Effect of N-arachidonoyl-L-serine on human cerebromicrovascular endothelium

Tomoyuki Kino, Toshiki Tomori, Rania Abutarboush, Paola Castri, Ye Chen, Frederick Lenz, Richard M. McCarron, Maria Spatz

Research output: Contribution to journalArticle

Abstract

N-arachidonoyl-L-serine (ARA-S) is an endogenous lipid, chemically related to the endocannabinoid, N-arachidonoyl ethanolamine (i.e., anandamide) and with similar physiologic and pathophysiologic functions. Reports indicate that ARA-S possesses vasoactive and neuroprotective properties resembling those of cannabinoids. However, in contrast to cannabinoids, ARA-S binds weakly to its known classical receptors, CB1 and CB2, and is therefore considered to be a ‘cannabinoid-like’ substance. The originally described ARA-S induced-endothelial-dependent vasorelaxation was not abrogated by CB1, CB2 receptor antagonists or TRPV1 competitive inhibitor.
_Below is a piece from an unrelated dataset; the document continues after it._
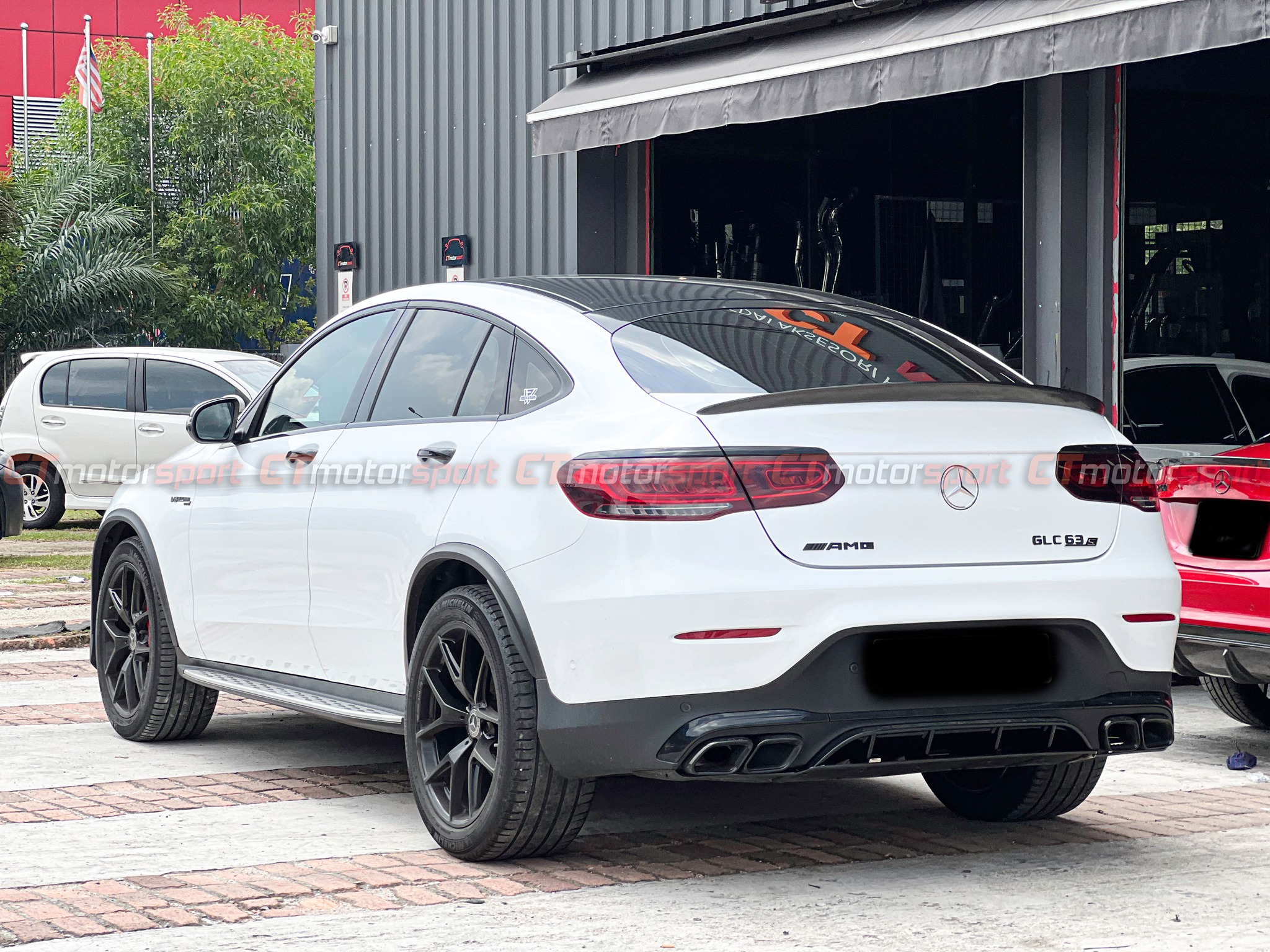 Mercedes GLC X253 Coupe Conversion GLC63 Facelift Bodykit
The present report demonstrates that ARA-S enhances the fluorescence staining of both cannabinoid receptors (CB1 and CB2) in human brain endothelial cells (HBEC). This reaction is specific since it was reduced by respective selective receptor antagonist (SR141716A and SR141728A). ARA-S alone or in the presence of ET-1 was shown to alter the cytoskeleton (actin). Both ARA-S stimulated phosphorylation of various kinases (MAPK, Akt, JNK and c-JUN) and alteration of cytoskeleton are mediated via CB1, CB2 and TRPV1 receptors. The findings also showed the involvement of Rho/Rock and PI3/Akt/NO pathways in the ARA-S-induced phosphorylation of kinases and actin reorganization in HBEC. All of the above mentioned ARA-S-induced effects were reduced by the treatment with LY294002 (inhibitor of PI3/Akt kinase), except MAPK kinase. In addition, MAPK, JNK, c-JUN phosphorylation were inhibited by H1152 (inhibitor of Rho/ROCK kinase), except Akt kinase. Furthermore, PI3/Akt pathway was inhibited by pretreatment with L-NAME (inhibitor of NOS). The findings suggest that ARA-S is a modulator of Rho kinase and may play a critical role in the regulation of its activity and subsequent effects on the cytoskeleton and its role in supporting essential cell functions like vasodilation, proliferation and movement.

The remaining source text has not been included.